### DATA SHOWN
>>

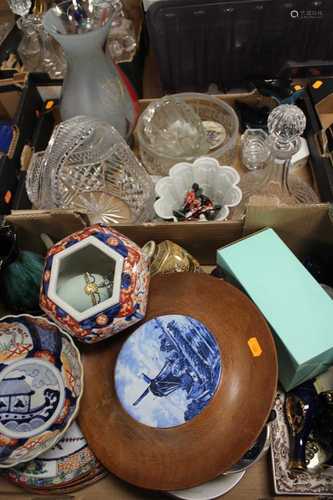 Two boxes containing a collection of glassware and ceramics ...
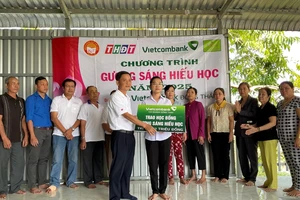 Ông Trần Bá Hậu, Trưởng Phòng Giao dịch Cao Lãnh - Vietcombank Đồng Tháp trao học bổng gương sáng hiếu học cho em Phạm Thị Ngọc Hoa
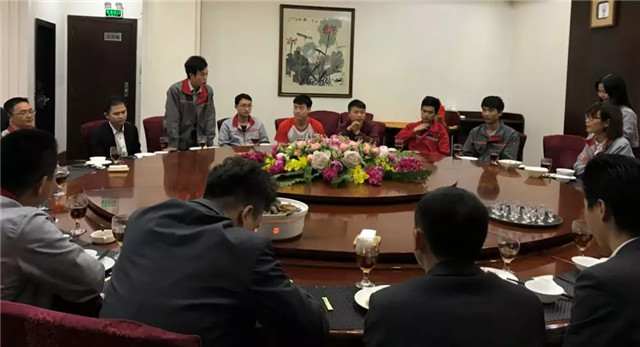 亮閣門窗｜家庭文化系列報(bào)道之——傳承孝道文化！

<<

### ACTIVITY
Start at the first line and set down all of the data exactly, passing over the pictures.

### YOUR RESPONSE
 Two boxes containing a collection of glassware and ceramics ...
 Ông Trần Bá Hậu, Trưởng Phòng Giao dịch Cao Lãnh - Vietcombank Đồng Tháp trao học bổng gương sáng hiếu học cho em Phạm Thị Ngọc Hoa
 亮閣門窗｜家庭文化系列報(bào)道之——傳承孝道文化！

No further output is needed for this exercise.